Each heart is unique in its own way. Although most operations prove straightforward and uneventful, some evolve into an extraordinary battle for survival and a few are quite literally a bloody disaster. As my experience and knowledge increased, I became a last port of call for the cardiologically destitute, a depository for cases that no one else wanted, at home and abroad. Ultimately I lost patients whom I knew could be saved with equipment we were denied in the NHS. The recriminations that accompany death soon followed. An agonising interview with the bereaved, dismal discussions at the ‘Morbidity and Mortality Meeting,’ then a joyless visit to the coroner’s court. I was vehemently outspoken about the system’s deficiencies, and suffered as a result. The NHS doesn’t care for those who do not conform.

In this book I have set out to describe how it felt to be a heart surgeon as the specialty emerged and what it is like in the current hostile environment. I have depicted the physical and the psychological endeavour, the emotional highs and lows, the triumphs and the disappointments, and how being a surgeon affected me and my loved ones. When I was a young man, as we shall see, a peculiar quirk of fate helped me by dispelling my inhibitions and rendering me immune to fear. It’s not something I would freely recommend and it was a curious launchpad for a career at the sharp end, one that enabled me to embrace challenges that others would wish to avoid.

For someone who is not a professional writer, it takes an inordinate amount of time and effort to write a book for public consumption. You will undoubtedly conclude that I was more the surgeon than the literary genius, yet to my delight my first book, Fragile Lives, became an award-winning bestseller. As the title suggests, the book largely focused on remarkable cases.
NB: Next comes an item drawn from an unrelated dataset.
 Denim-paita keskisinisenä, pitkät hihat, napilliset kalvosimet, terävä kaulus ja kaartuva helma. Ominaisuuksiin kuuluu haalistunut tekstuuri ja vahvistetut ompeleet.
The Knife’s Edge is darker. It describes my humble beginnings, my struggle to succeed, and my priceless relationships with some of the pioneers and great leaders of the specialty. Because of the huge risks involved and the pile of bodies that ensued, the pioneers all manifested a particular personality type – bold, determined, often flamboyant, with resilience and immunity to grief. Sadly, so taxing is the lifestyle that by the end of my career few UK graduates were prepared to make it their calling and career. The ‘end of an era’, or the ‘end of the beginning’ as some would put it.

The whole riveting story of modern heart surgery evolved during my lifetime, and I was proud to be part of it.